Cheniere’s QMRV program uses multiple tools to measure emissions that include drone, aerial overflights, satellites, as well as on-the-ground optical gas imaging and high-flow sampling. The process also involves analyzing operational and maintenance practices to develop inventories.

According to Cheniere, academic institutions, including the Colorado School of Mines, provide guidance on data collection and independent verification of measurement results. 

Overseeing more than 10% of the world’s liquefaction capacity, the LNG giant also noted it has begun issuing its cargo emissions tags to customers. Cheniere began providing the tags last year to help customers quantify GHG emissions associated with each LNG cargo.

Cheniere noted that since the beginning of the year, about 70% of the cargoes have been delivered to Europe, “double the rate exported in 2021,” Vice President of Public Affairs Eben Burnham-Snyder told NGI. 

Norway’s Equinor ASA, which moves LNG cargoes overseas and is also an OGMP 2.0 member, said it supports Cheniere’s move. 

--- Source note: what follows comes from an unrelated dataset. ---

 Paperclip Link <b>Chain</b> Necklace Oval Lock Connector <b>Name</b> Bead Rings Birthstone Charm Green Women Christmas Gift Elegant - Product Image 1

“The OGMP 2.0 reporting framework is an important tool to establish more accurate and transparent information about methane emissions on a global scale,” said Equinor’s Helge Haugane, senior vice president for gas and power. He added that imports of LNG from the largest U.S. LNG producer are “key to Europe’s energy security.” 

Cheniere joined a growing list of 85 companies upon its entry into OGMP 2.0. Initially formed in 2020 by 62 oil and natural gas operators, including BP plc and Shell plc, OGMP 2.0 aims to improve industry transparency in methane emissions reporting and encourage progress to reduce GHG pollution.